§ About this task:
Your answer must be a word-for-word copy of the listing below, minus its pictures.

§ Dataset content:
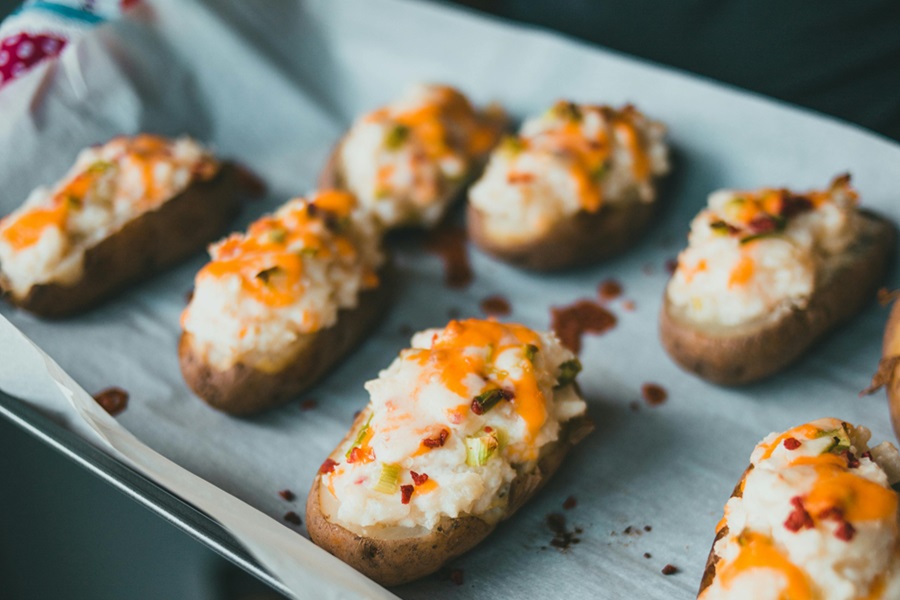 Baked Potatoes in the Oven a Baking Sheet Lined with Parchment Paper and Baked Potatoes Cut in Half with Cheese and Bacon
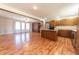 Open floor plan kitchen with stainless steel appliances and wood cabinets, flowing into living room at 6602 S 400 W, Columbus, IN 47201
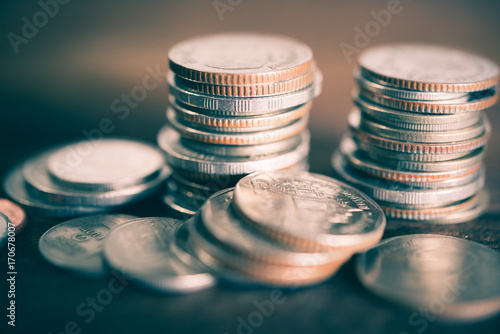 rows of coins for finance and business concept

§ Exercise solution:
 Baked Potatoes in the Oven a Baking Sheet Lined with Parchment Paper and Baked Potatoes Cut in Half with Cheese and Bacon
 Open floor plan kitchen with stainless steel appliances and wood cabinets, flowing into living room at 6602 S 400 W, Columbus, IN 47201
 rows of coins for finance and business concept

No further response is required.